I feel like the proverbial doctor who is reluctant to give bad news to a spouse, but unless your son marries a stout heiress with a room temperature IQ or knows how to drive a fast boat from Barranquilla to the Keys, he’s going to be part of life’s growing number of people whom Hillary Clinton calls deplorables. I’m giving you the straight skinny.

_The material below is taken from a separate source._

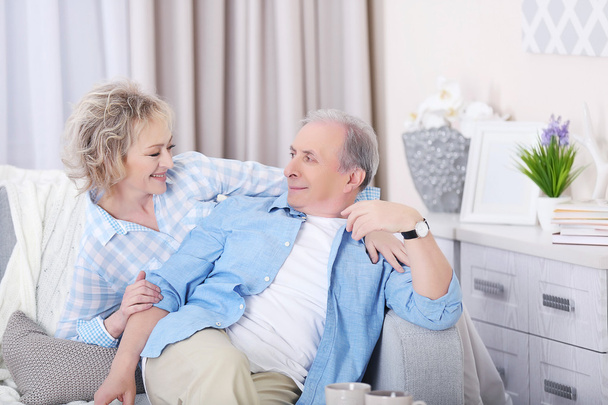 Mature couple sitting at home - 写真・画像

You and the University of Florida failed that kid. You failed him because you taught him bupkis about addition, subtraction, division and multiplication. And the university failed him because it accepted him as a student even though he wasn’t qualified. In my opinion, your son and probably half of the other students who were admitted to UF should not have been admitted. Running a college is like running a business. College costs continue to rise, primarily because of lousy management practices. Therefore, colleges must continue to enroll more substandard students. They need more cash flow to fund their numerous activities and dumb and silly courses and pay for festering bureaucracies (intentionally bloated) to give observers the appearance of industry. It’s a Catch-44, which is twice as bad as a Catch-22.

There are 16 million students enrolled in colleges across the country today, some 40 percent of whom won’t make it and may find themselves stuck in dumb-end jobs. And of the 70 percent of high school graduates enrolling in college this year, half would have been better off if they’d have joined the Army, Navy, Air Force or Marines. And the country would have been, too.